Autor: Luiz Piovesana
Lembra-se quando, há uns seis ou sete anos, você poderia testar sua conexão e configuração de áudio no Skype fazendo uma chamada com a Echo, a “assistente amigável”?
Em 2009, isso certamente chamou a minha atenção. Afinal, era um sistema automático, focado em te ajudar a resolver um problema de configuração no software. Nada de menus ou páginas de FAQ. Naqueles dias, parecia incrivelmente simples: uma ideia que poderia ser copiada!
Ao longo dos anos, a preocupação dos times em design cresceu muito, puxada por um cuidado cada vez maior com a experiência do usuário, dando poder a quem está usando – e não a quem está criando. Em 2009, quando o parâmetro de design ainda se limitava primariamente à interface visual, um assistente como a Echo (que não tinha nem cara, apenas uma voz) era o próximo passo natural.
Felizmente, a Internet evoluiu. Design é obrigação nos produtos de hoje. E enquanto a Echo ainda não tem cara, outros assistentes amigáveis se tornaram muito mais inteligentes, charmosos e interessantes. Temos a Siri da Apple, a Cortana da Microsoft e o assistente do Google, lançado esse ano. Mas o que realmente são esses assistentes? Eles realmente compõem alguma “classe” de softwares? O que eles têm em comum? Ou, dando um passo atrás, de onde vieram e por que se tornaram importantes?
Em linhas gerais, um bot é apenas um software que realiza a função de ser uma interface entre um software ou sistema e o usuário humano. Isso é, da mesma forma que menus, botões e telas são importantes em qualquer sistema user-friendly, um bot usa linguagem natural humana, ajudando o usuário a navegar e tirar o máximo proveito de um software.

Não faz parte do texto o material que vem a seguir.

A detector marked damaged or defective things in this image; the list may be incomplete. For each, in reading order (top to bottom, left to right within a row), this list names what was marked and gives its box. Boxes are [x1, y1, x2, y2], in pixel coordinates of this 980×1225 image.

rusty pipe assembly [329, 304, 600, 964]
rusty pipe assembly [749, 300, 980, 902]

É como se aqueles wizards de instalação e tour pelas funcionalidades tomassem “vida” e te mostrassem as funcionalidades de um produto, tirando suas dúvidas e conversando como se fosse alguém do time de suporte. É por isso que eles são uma feature de design.
E essa tendência cresceu tanto em 2016 porque chegamos ao momento da história em que a tecnologia permite isso em larga escala. Hoje, há sistemas de fácil implementação que oferecem funcionalidades de Inteligência Artificial e Aprendizado de Máquina, tudo via API. Isso é, qualquer programador que está lançando um software, e quer implementar um bot poderá fazê-lo com muito menos dificuldade do que ocorria há dois ou três anos.

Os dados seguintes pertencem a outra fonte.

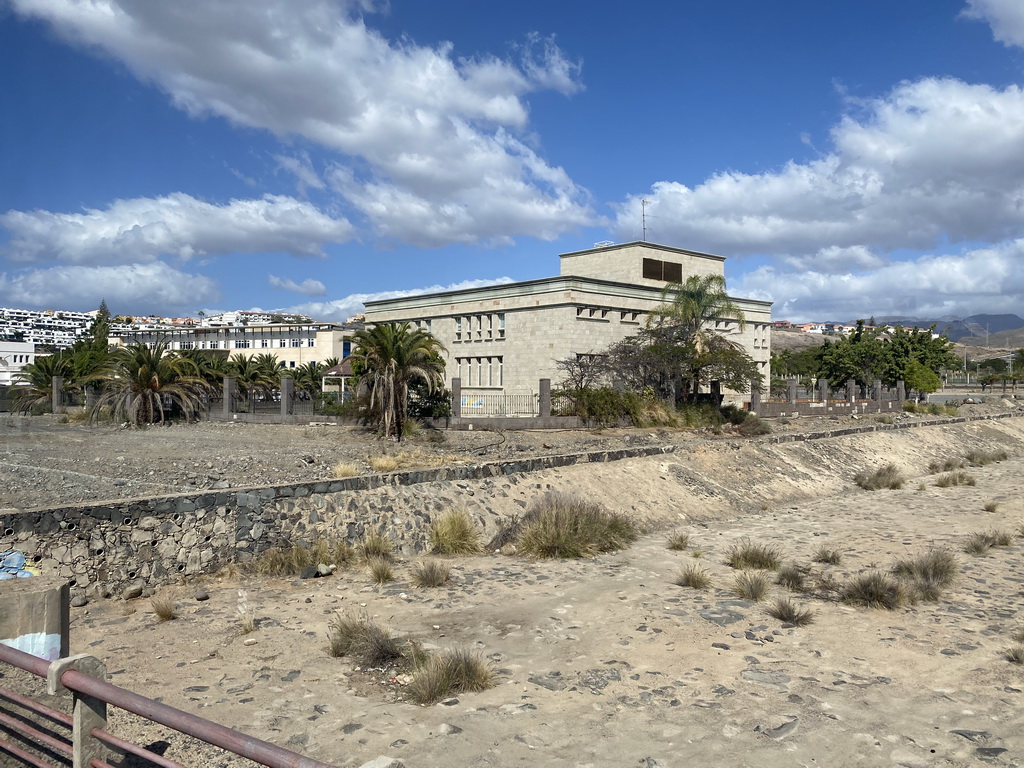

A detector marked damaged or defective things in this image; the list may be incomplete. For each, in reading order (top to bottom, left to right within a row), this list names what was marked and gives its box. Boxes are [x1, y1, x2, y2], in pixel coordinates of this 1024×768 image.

Mas não se empolgue, nem se assuste: bots não são inteligentes, eles apenas se fazem parecer. Os robôs não estão vindo para nos dominar.
Mas talvez os bots estejam vindo para dominar as APIs.

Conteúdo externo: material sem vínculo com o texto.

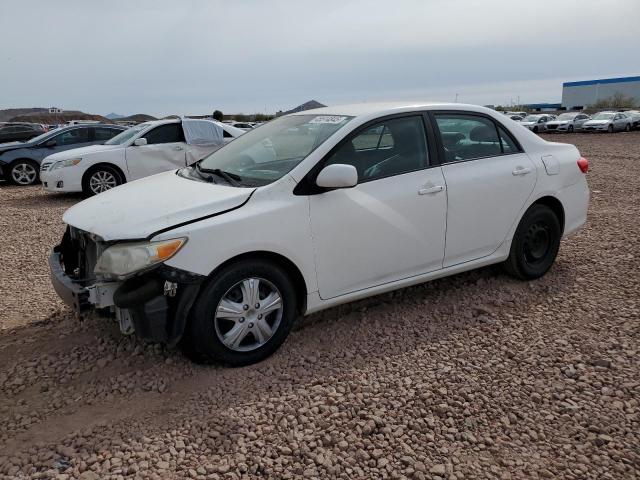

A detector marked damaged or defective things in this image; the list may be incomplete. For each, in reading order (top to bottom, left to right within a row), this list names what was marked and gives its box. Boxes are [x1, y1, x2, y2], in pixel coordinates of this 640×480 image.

damaged white sedan [40, 119, 245, 196]
damaged white sedan [50, 103, 592, 366]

Um novo paradigma: bots sobrepujam as APIs
Se a dominação do mundo pelas máquinas está começando com uma “guerra civil” entre bots e APIs, é bom que nós humanos façamos uma análise cuidadosa da situação.
Afinal, os últimos anos têm mostrado um crescimento espantoso das APIs. E a tendência dos bots se expandiu de forma tão consistente que grandes veículos de mídia (como o Venture Beat) já decretaram o fim das APIs.
Calma, lá! Não acredito que o mundo seja assim tão pequeno para os dois. Vamos entender o motivo.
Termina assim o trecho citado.